Give again, word for word, the lines below that run from the line with "SET OF PORCELAIN" through the line with "in uttar pradesh". Drop the pictures.

== Extracted data ==

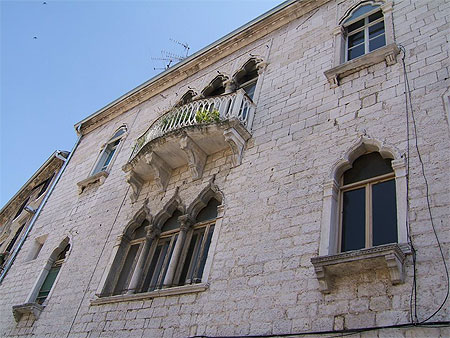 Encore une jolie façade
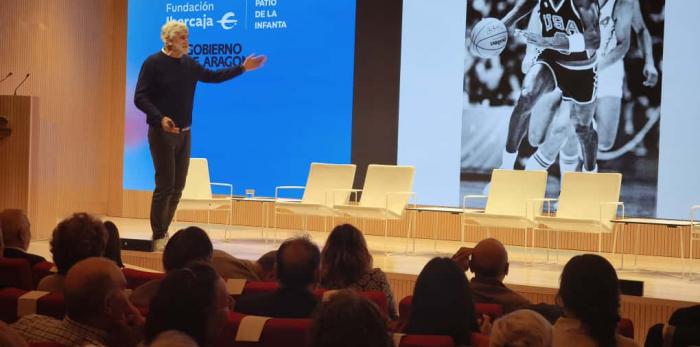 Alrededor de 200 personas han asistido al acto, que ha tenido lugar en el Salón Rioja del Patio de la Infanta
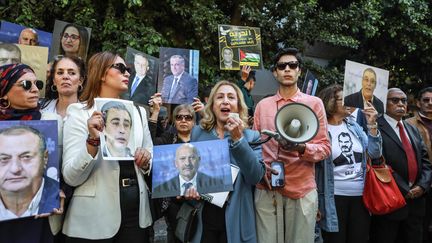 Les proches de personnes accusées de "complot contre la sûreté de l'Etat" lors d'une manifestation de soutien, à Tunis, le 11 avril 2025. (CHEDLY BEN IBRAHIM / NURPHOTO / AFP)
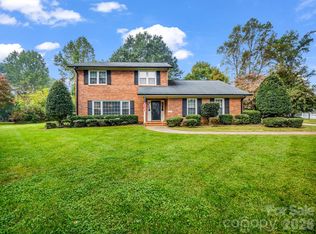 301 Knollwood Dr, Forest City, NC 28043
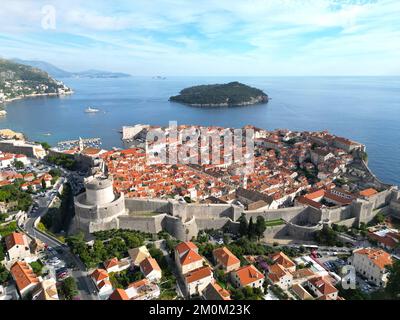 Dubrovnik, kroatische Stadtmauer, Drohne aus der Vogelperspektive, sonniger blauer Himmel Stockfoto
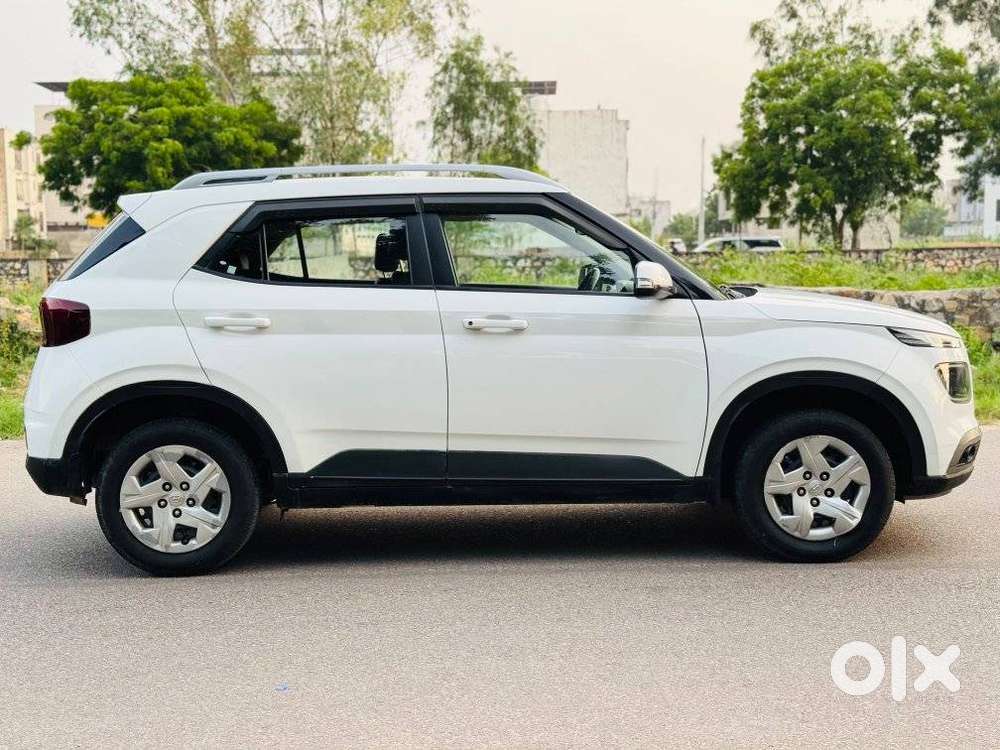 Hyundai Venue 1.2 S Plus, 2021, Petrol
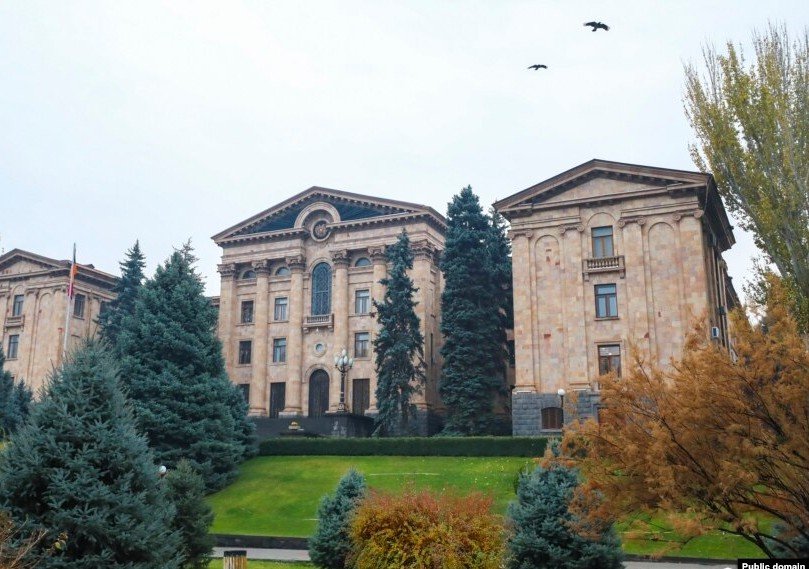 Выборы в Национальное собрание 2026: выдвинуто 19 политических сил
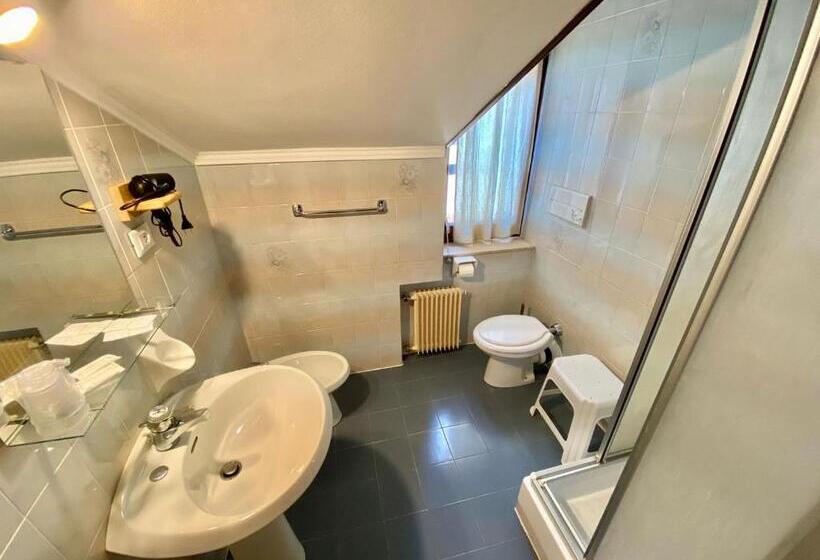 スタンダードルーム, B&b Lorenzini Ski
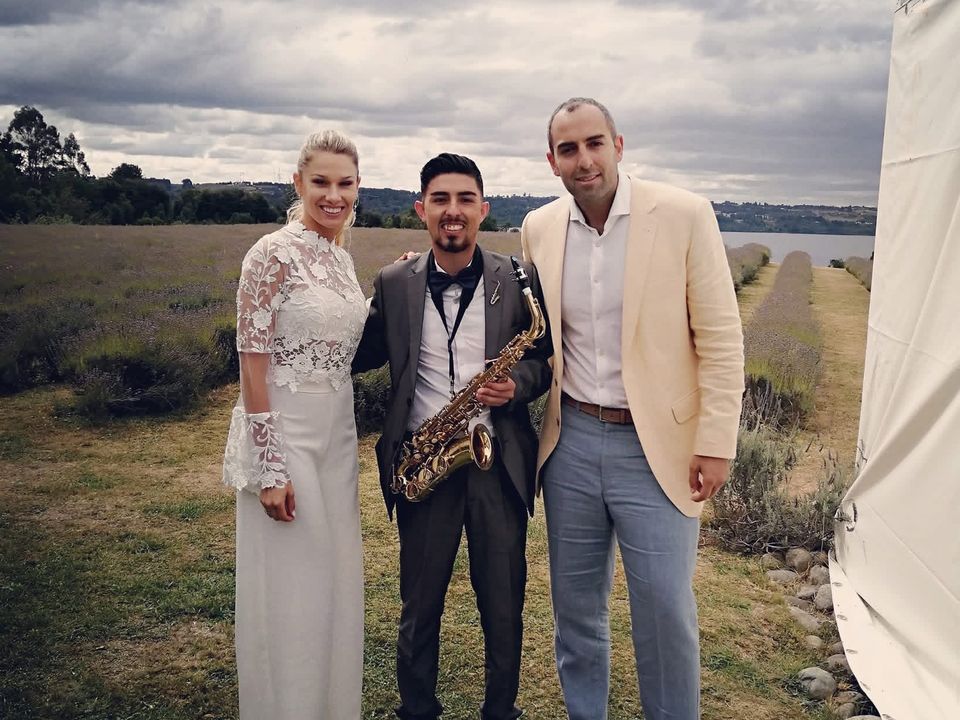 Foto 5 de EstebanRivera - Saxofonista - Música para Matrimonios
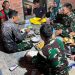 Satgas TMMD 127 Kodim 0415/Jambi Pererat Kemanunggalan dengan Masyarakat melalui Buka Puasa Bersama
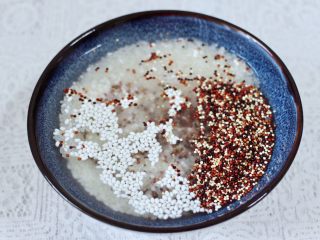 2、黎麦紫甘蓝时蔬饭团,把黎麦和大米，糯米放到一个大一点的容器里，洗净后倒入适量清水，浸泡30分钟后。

===
== Extracted data ==

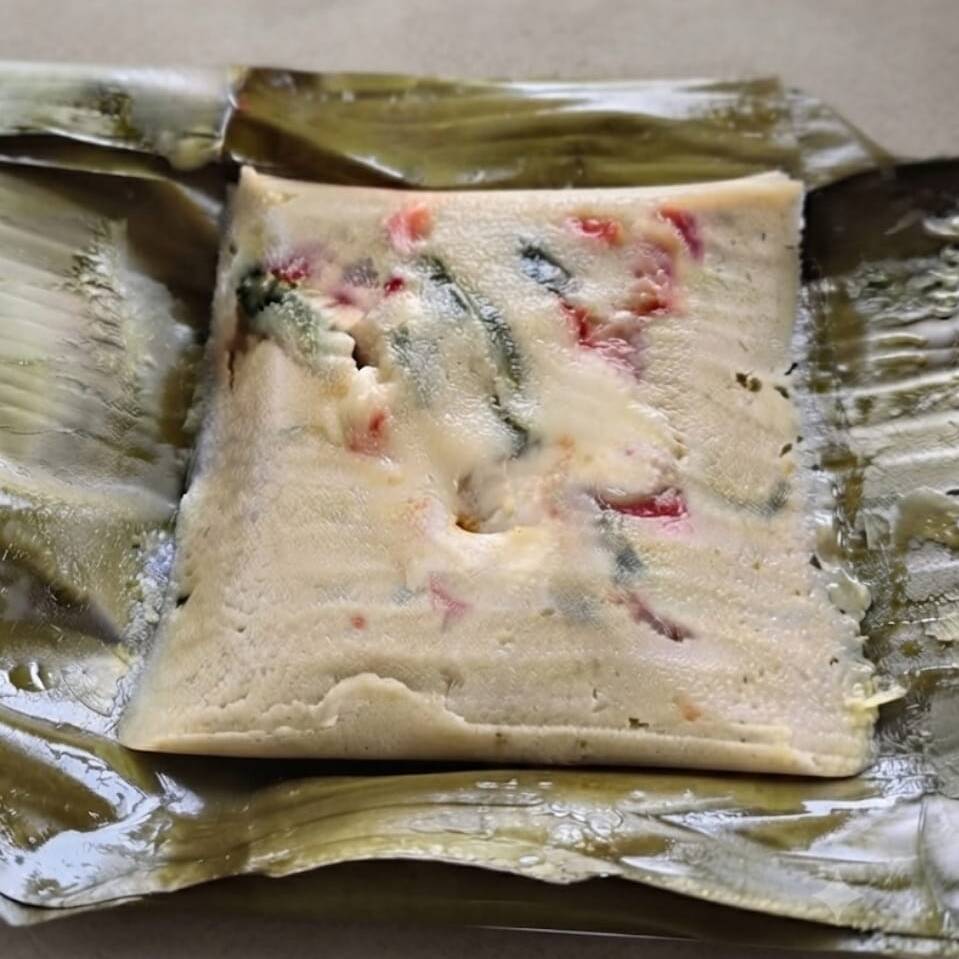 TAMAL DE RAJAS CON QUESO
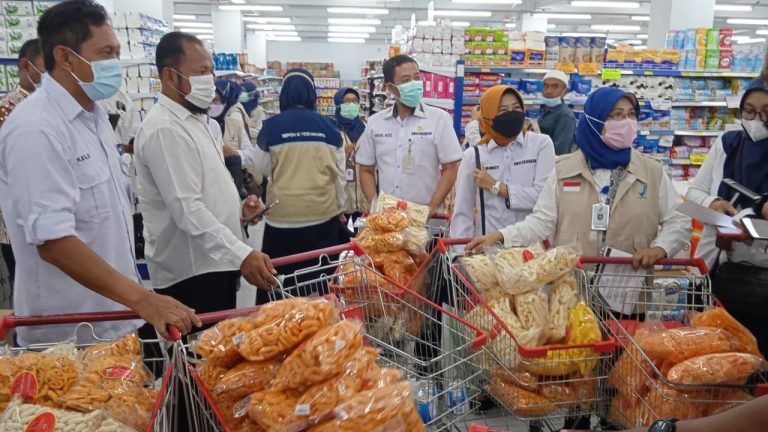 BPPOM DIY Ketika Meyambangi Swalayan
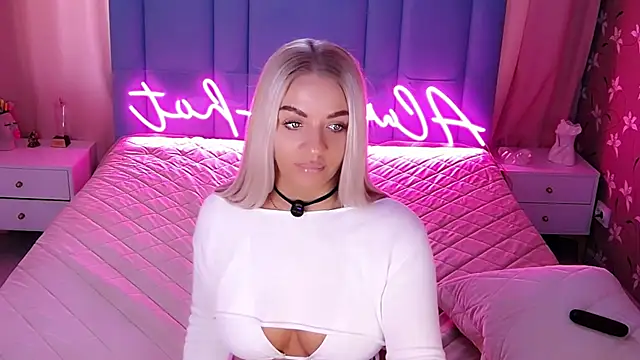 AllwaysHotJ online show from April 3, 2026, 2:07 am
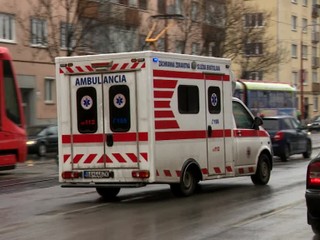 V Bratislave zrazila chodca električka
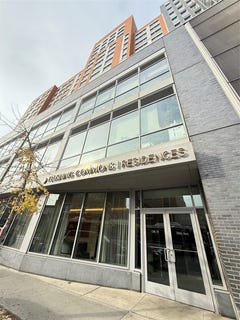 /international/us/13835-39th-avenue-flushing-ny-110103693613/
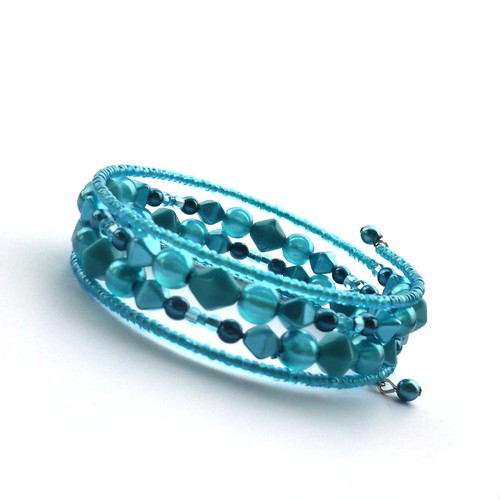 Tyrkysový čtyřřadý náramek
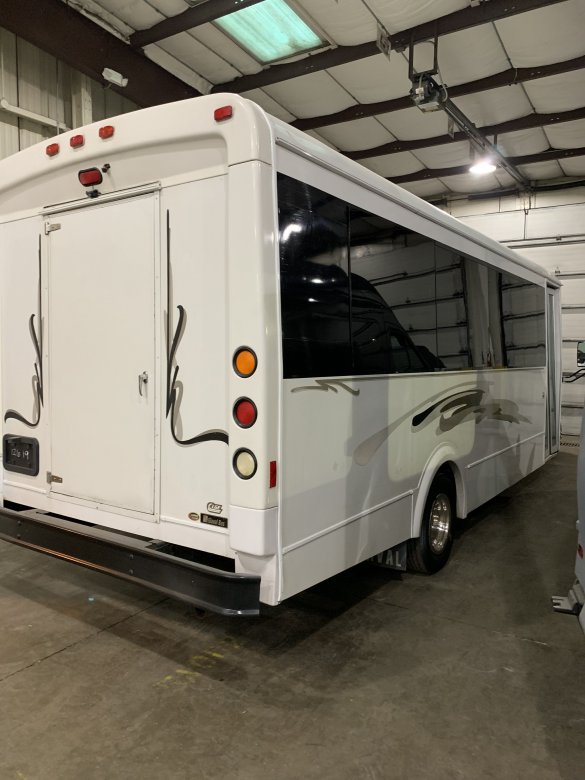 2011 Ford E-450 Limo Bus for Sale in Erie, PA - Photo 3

===
== Extracted data ==

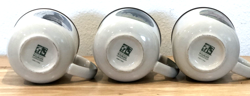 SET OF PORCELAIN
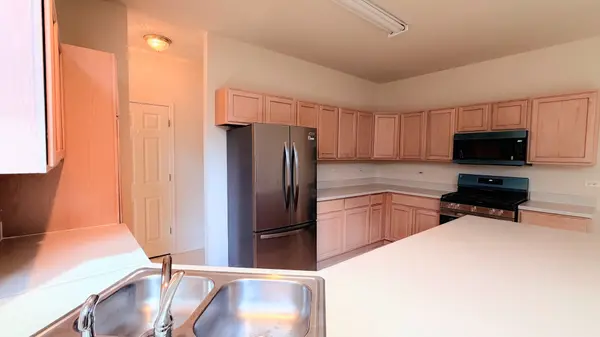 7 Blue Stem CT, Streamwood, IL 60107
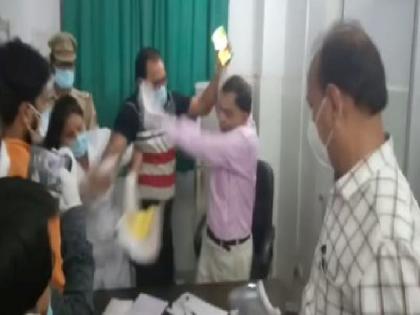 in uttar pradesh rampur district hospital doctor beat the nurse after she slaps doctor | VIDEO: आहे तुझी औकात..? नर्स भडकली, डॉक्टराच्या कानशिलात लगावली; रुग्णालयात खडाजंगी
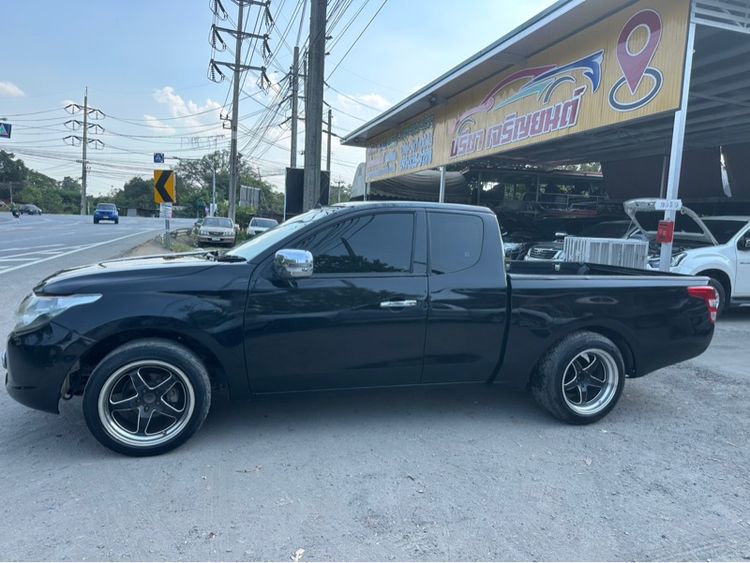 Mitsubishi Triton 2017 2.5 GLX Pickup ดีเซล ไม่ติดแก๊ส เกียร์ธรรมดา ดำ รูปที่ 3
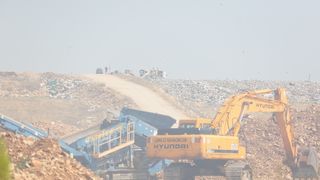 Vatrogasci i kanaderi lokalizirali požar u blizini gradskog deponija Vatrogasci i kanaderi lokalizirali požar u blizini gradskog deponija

===

§ **Problem solution**
 SET OF PORCELAIN
 7 Blue Stem CT, Streamwood, IL 60107
 in uttar pradesh rampur district hospital doctor beat the nurse after she slaps doctor | VIDEO: आहे तुझी औकात..? नर्स भडकली, डॉक्टराच्या कानशिलात लगावली; रुग्णालयात खडाजंगी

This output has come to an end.